Тутъ, между тѣмъ, стоялъ стонъ и шумъ превеликій от игроковъ карточныхъ. Сіи всѣ отправляли тутъ свою ярмонку. Была ихъ толпа цѣлая, шумящая за многими столами; кто проигрывался, кто выигрывалъ, и денежки только погромыхивали, а бумажки перелетали изъ рукъ въ руки. А не успѣли всѣ комнаты наполниться народомъ, какъ загремѣла музыка, и шумъ увеличился еще болѣе. Наконецъ наступилъ вечеръ, зазвонили къ всеночной, и всѣ гурьбою пошли въ церковь. Въ сей весь куполъ и всѣ вазы въ немъ освѣщены были огнями, и пріятный гулъ раздавался въ немъ от хора пѣвчихъ; служеніе было церемоніальное и собраніе дворянства обоего пола превеликое, словомъ, все было хорошо, мирно, спокойно и порядочно, и ярмонка наша весела, чему много поспѣшествовало и то, что нашъ князь занятъ былъ хлопотами ярмоночными, и не было кому дѣлать каверзъ.

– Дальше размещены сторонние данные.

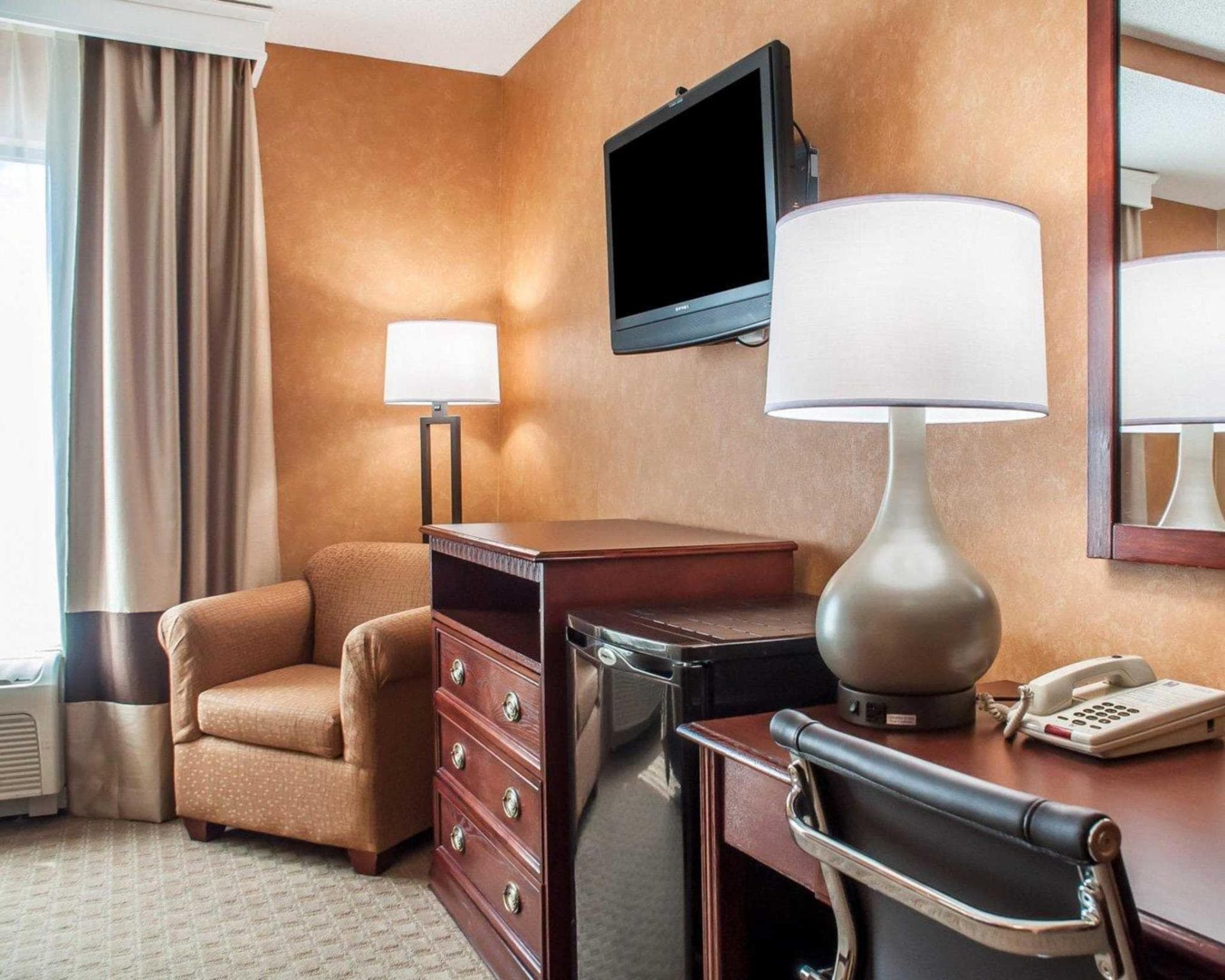 Quality Inn Near Walden Galleria Mall photo 3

Въ самый послѣдующій за симъ день праздника, было опять, по случаю возстановившейся прекрасной погоды, все въ городѣ у насъ живо и весело. Ярмонка, по обыкновенію, продолжалась до полудня, и народъ кипѣлъ на оной и представлялъ собою смотрящимъ изъ дворца прекрасное зрѣлище. Что касается до дворянства, то все оное поутру съѣхалось во дворецъ для поздравленія командира моего съ праздникомъ. Послѣ чего всѣ были у обѣдни, во время которой пѣвчіе наши оказывали опять все свое искусство въ пѣніи, а Епифаньскій дьяконъ сказывалъ проповѣдь, которою всѣ были очень довольны. По окончаніи божественной службы, всѣ мущины пошли опять во дворецъ на водку; знаменитѣйшіе остались обѣдать, а другіе пошли ко мнѣ и въ другіе дома. Столъ во дворцѣ былъ болѣе нежели на 30 кувертовъ и впродолженіе онаго гремѣла опять музыка. Послѣ обѣда же съѣхались всѣ во дворецъ, и дамы, и мущины,

и старушки, и дѣвицы, и было всѣхъ полное собраніе. Тотчасъ тогда загремѣла опять музыка, начался порядочный балъ и вся молодежь принялась за танцы. Сынъ мой былъ первымъ и лучшимъ танцовщикомъ изъ всѣхъ и имѣлъ счастіе, что всѣ его полюбили и хвалили, а старшая дочь моя играла первую роль между танцовщицами и плѣняла всѣхъ красотою и всѣмъ обращеніемъ своимъ.

Между тѣмъ, какъ всѣ мы, а особливо молодежь занималась въ залѣ своими танцами, другіе играли въ карты въ гостиной, а иные разсовались по норамъ, пили и требесили, а нѣкоторые ходили въ ванну и прохлаждались от жара купаньемъ, ибо всѣмъ и всякому была воля, каждый занимался, чѣмъ хотѣлъ, и всѣ были веселы и всѣмъ довольны. Словомъ, праздникъ сей никогда такъ веселъ для насъ не былъ, какъ въ сей разъ.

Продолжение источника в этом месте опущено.